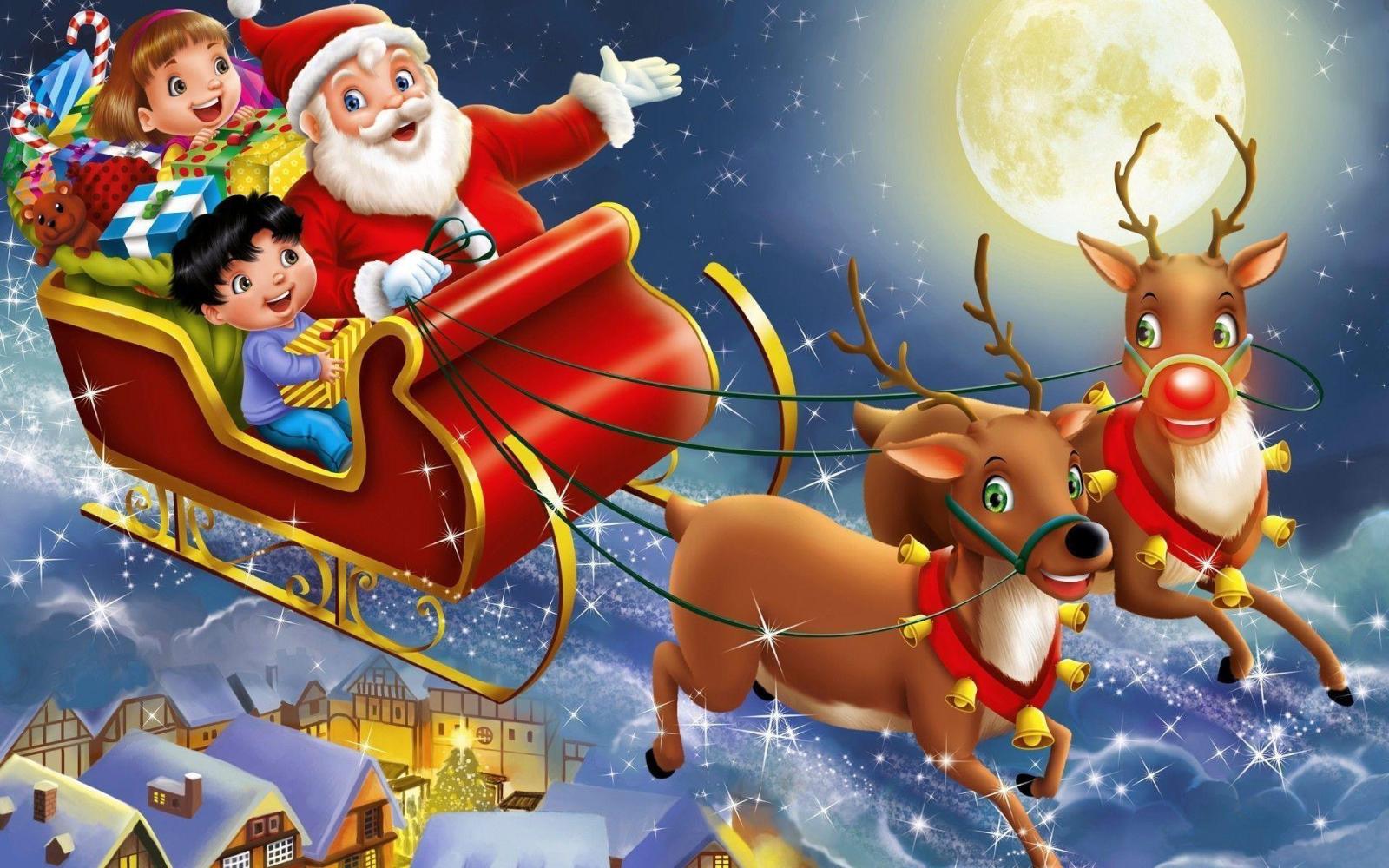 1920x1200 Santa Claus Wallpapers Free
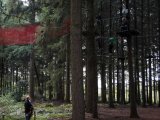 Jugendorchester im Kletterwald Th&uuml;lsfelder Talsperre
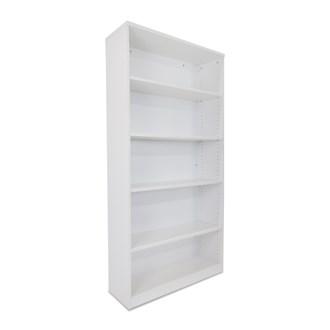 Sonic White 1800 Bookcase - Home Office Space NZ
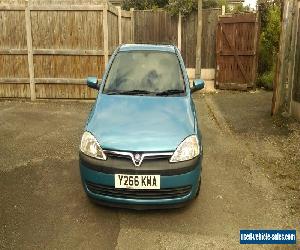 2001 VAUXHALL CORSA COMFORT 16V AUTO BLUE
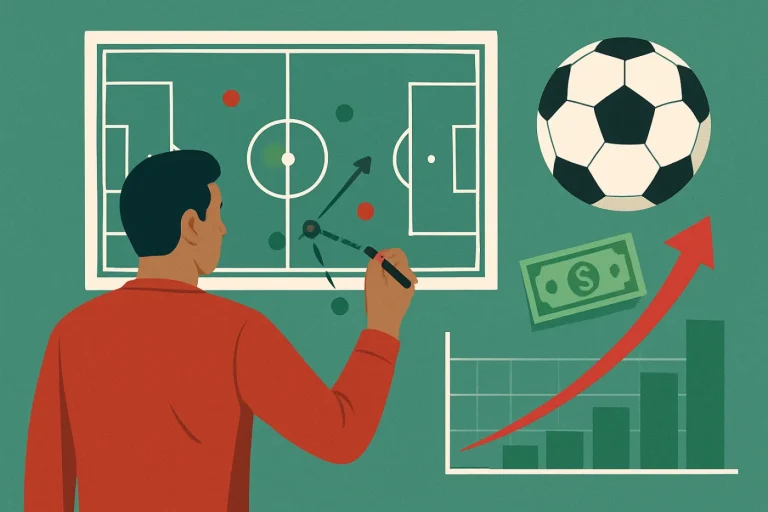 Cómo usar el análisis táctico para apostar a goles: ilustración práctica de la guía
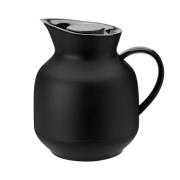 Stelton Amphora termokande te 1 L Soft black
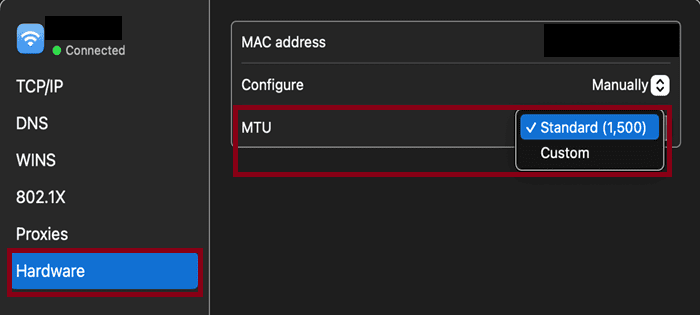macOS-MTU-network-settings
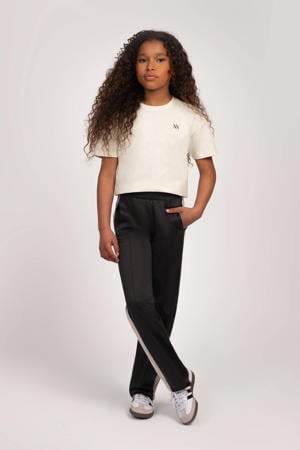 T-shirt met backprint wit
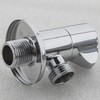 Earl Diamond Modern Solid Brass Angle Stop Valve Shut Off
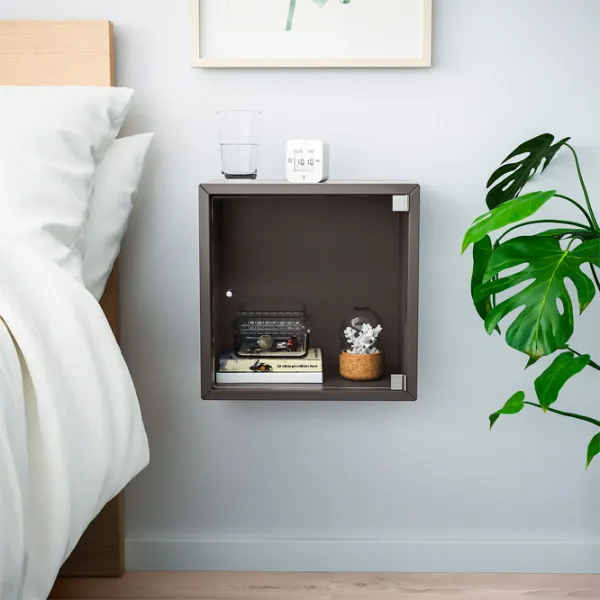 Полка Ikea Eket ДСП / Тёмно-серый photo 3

■ ■ ■ ■ ■

- **Task description**: Every entry, word for word, should be given again; the pictures are not part of the copy.

- **Worked solution**:
 1920x1200 Santa Claus Wallpapers Free
 Jugendorchester im Kletterwald Th&uuml;lsfelder Talsperre
 Sonic White 1800 Bookcase - Home Office Space NZ
 2001 VAUXHALL CORSA COMFORT 16V AUTO BLUE
 Cómo usar el análisis táctico para apostar a goles: ilustración práctica de la guía
 Stelton Amphora termokande te 1 L Soft black
macOS-MTU-network-settings
 T-shirt met backprint wit
 Earl Diamond Modern Solid Brass Angle Stop Valve Shut Off
 Полка Ikea Eket ДСП / Тёмно-серый photo 3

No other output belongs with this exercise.